Театр страны-агрессора понес невосполнимые потери (1)
Ведущие актеры, режиссеры, критики России, не разделяющие милитаристских восторгов ряда своих коллег, присягнувших преступной власти, используют сейчас любой повод, чтобы уехать и сохранить себя. Рефреном звучат параллели с русской эмиграцией, устремившейся в Европу после революции 1917 года. Так же как сто лет назад, никто сейчас не знает, долгими ли будут скитания, суждено ли вернуться, и самое главное – как и для кого работать сейчас.
Какой театр (не) нужен
Двумя неделями ранее Марина Давыдова составила в своем блоге список уехавших деятелей театра, имена которых известны далеко за пределами России. Поводом тому послужило одновременное увольнение трех руководителей театральных институций, что произошло в конце июня. Из театра «Современник» был уволен Виктор Рыжаков, пришедший туда на смену легендарной Галине Волчек, возглавлявшей театр с 1972 по 2019 год. Из «Школы современной пьесы» был уволен ее основатель (1989) Иосиф Райхельгауз. И наконец, из Гоголь-центра уволили Алексея Аграновича, который только в 2021 году сменил уехавшего за границу Кирилла Серебренникова. Надо отметить, что в этом случае никто не питал иллюзий о будущем театра: Гоголь-центр постоянно подвергался различным цензурным гонениям на фоне уголовного дела, фигурантом которого несколько лет был сам Кирилл Серебренников.

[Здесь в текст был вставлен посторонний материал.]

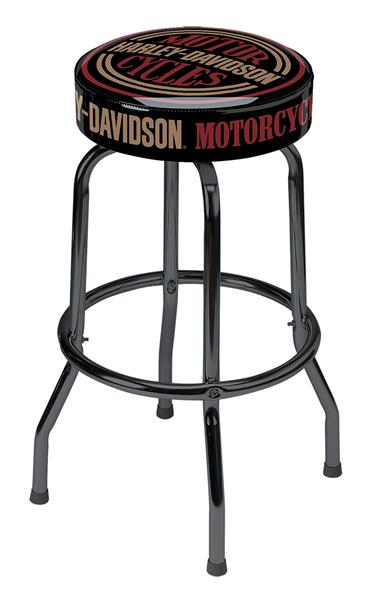 Harley-Davidson® Circle Logo Bar Stool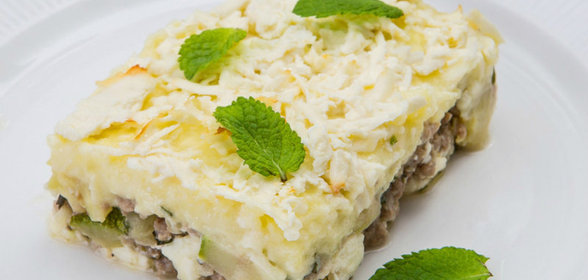 Аши по-гречески: пошаговый рецепт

Список Давыдовой превысил два десятка человек, не считая театров, которые прямо или косвенно пострадали от этих увольнений. Их причины различны. «Мне было важно составить этот список, – пояснила Давыдова в разговоре с Rus.Postimees, – тогда стал виден масштаб катастрофы. Сам по себе пост бесхитростный, но он получил множество репостов, потому что отразил картину с высоты птичьего полета. Это было не просто перечисление печальных фактов – ой вот вчера случилось это, а сегодня это! Все эти события тесно связаны друг с другом». Связь только подчеркивается тем, что в случае Рыжакова, Райхельгауза и Аграновича государство представило проблему как чисто техническую – им просто не продлили контракты. По словам режиссера документального театра Анастасии Патлай, государство делает так, если не нашло других инструментов давления: «Этих строптивых руководителей разными способами пытались «прогнуть», дисциплинировать и вот наконец прибегли к последнему средству. Никакого особого послания или знака в этом нет. Это техническая процедура, которая уже превратилась в стандартную», – поясняет Патлай.
В обмен на лояльность
Чем же театр обязан такому вниманию со стороны государства? Даже оптимистичная статистика утверждает, что в лучшем случае четыре процента населения России хотя бы один раз были в театре осознанно.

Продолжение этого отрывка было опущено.